With housing prices beyond the reach of many of Connecticut's working families, state Treasurer Denise L. Nappier's proposal to create a $100 million fund to help thousands of residents buy homes or rent apartments is more than welcome.

High housing costs strain family budgets and make it hard for businesses to attract workers. Lack of affordable housing is driving people to live far from where they work, adding to highway congestion and its attendant ills. The fund proposed by the treasurer would be financed by bonds backed by millions of dollars from unclaimed bank accounts and other assets held by the state. It would help nonprofit agencies build subsidized homes and apartments.

This is a good idea, considering the need. But it could be a great idea with one refinement: Require that the new housing be built around stops on transit lines. In other words, make it a fund for transit-oriented development.

The post-World War II era has been the age of automobile-induced sprawl in Connecticut and the rest of the country. But as someone said of progress, it was fine for a time and then it went too far.

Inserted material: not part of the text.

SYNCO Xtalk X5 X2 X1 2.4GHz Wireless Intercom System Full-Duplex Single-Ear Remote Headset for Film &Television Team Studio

The relentless march of highways, subdivisions and strip malls chews up land, increases fuel consumption, damages air quality, makes it more difficult and expensive to deliver services and disfigures the landscape that's defined the state for centuries.

One response to this set of ills has been to concentrate new development around transit hubs. From Washington, D.C., to San Diego, communities have built high-density, multi-use projects around bus and train stations. In addition to providing housing and access to transit, most of these projects are pedestrian-oriented, lively and safe.

For years, the knock on better public transit in Connecticut was that the state didn't have the density to support it. Transit-oriented development would help rectify that situation. It would help revive cities in transportation corridors and take development pressure off the remaining open space.

Transit-oriented development isn't a foreign concept; it's included in many regional plans around the state and is highlighted in Connecticut's Plan of Conservation and Development. Some communities will have to make zoning changes to implement it, but that's hardly insurmountable. Bloomfield, for example, prepared an excellent transit development plan for the proposed Griffin Line project, which the state declined to support.

If Connecticut is to balance growth with preservation of the countryside, it should take a page from the old urbanism and build around fixed-path transportation -- a 19th-century concept with a 21st-century application. Ms. Nappier can lead the way.